Three checkpoints, each one a place to catch a problem. If the model misreads the image, it shows up in the JSON. If the JSON has bad geometry, you catch it in the viewer. If something’s off in Revit, you trace it back to the data. Nothing happens that you can’t inspect first.
What changed since the demo
The March version was rough. Blends were defined in the schema but not actually implemented, so A-frame bench legs got approximated as rectangles. That’s fixed. The executor now handles extrusions, sweeps, and blends.
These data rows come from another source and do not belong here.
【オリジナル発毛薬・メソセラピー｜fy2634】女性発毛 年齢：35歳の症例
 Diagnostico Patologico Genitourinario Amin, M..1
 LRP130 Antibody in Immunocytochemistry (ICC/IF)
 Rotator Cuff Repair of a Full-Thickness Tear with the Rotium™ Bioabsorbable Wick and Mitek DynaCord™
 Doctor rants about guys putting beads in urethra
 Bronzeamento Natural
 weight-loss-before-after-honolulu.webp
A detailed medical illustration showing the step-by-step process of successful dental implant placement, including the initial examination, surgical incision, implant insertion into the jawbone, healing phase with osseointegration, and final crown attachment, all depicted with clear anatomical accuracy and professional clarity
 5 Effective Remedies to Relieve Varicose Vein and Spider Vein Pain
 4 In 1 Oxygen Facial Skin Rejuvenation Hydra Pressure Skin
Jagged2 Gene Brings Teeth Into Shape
The 3D preview is new and genuinely useful. You rotate the model, adjust the parameters the model generated, and run a refinement pass, all before anything touches Revit. There’s also a Refine feature, so if the first result is close but not right, you send a follow-up prompt, and it takes another pass instead of starting over. The installer covers Revit 2025 through 2027, but you can build the code yourself for earlier versions.
Bring your own key
Here’s one design decision I think matters more than the geometry. This is one I expect to see a lot more of in the future.
To use FamFab, you need to provide your own Anthropic API key. There’s no backend or subscription. You don’t need to create an account with me. Your API key is stored locally on your machine, and your image and prompt go directly to the API, not anywhere else. The bench in my demo ran about 60 cents over a few refinement passes, roughly 20 cents per pass. Call it under a dollar to rough out a family in ten minutes.
Bring your own key, or BYOK, fits this kind of work better than a subscription. AEC tool usage happens in bursts. You might generate 20 families one week and none the next. Paying per use beats paying a flat monthly fee for a tool you touch occasionally. And for an open-source project, it’s close to the only honest option, because I can’t very well ship you a free tool that quietly burns through my own API budget every time you click a button.
It’s not friction-free, and I won’t pretend otherwise. You have to create an Anthropic account, generate a key, and accept a variable bill rather than a predictable one. For less technical users, that’s a real hurdle, and it means I can’t hand you a polished “just works” free tier. That’s the tradeoff, and naming it is the point.
The same logic applies to how FamFab handles models. Models change frequently, so the model list lives in an external config file rather than the source code. I’d been testing with Fable 5, which gave excellent results, right up until Anthropic suspended access to it under an export control directive. Rather than touch the code, I edited a text file to drop the model and kept working. Worth noting: Fable 5 cost more per run than the model I use now (Opus 4.8), but it usually nailed the family on the first try, so I ran fewer passes. Cheaper per call isn’t always cheaper per family. Your key, your model list, your call.
What’s still in the works
There are a few things I haven’t solved. FamFab takes one image, so it’s working from a single view. Multiple reference images, front, side, and top, would produce more accurate geometry, and that’s on the list. Families also come out without materials. And while the model generates parameters and the executor lays in reference planes, the dimensions that would let those parameters actually flex the geometry aren’t wired up yet, so the family is effectively static until you map them by hand. I tried full parametric early and pulled it because the constraints broke when you flexed the family, and inconsistent results are worse than limited ones. Doing it properly is the next real piece of work.
Go get it!
FamFab is available on GitHub under an MIT license, with an MSI installer so you don’t have to build from source. Bring an Anthropic API key, and you’re generating families in a few minutes.
If you want to contribute, the two highest-value places are the skill prompt, since better prompts make better families, and new geometry types like revolves. Both are right there in the source for you to fork and fine-tune.
Give it a try and let me know what you think.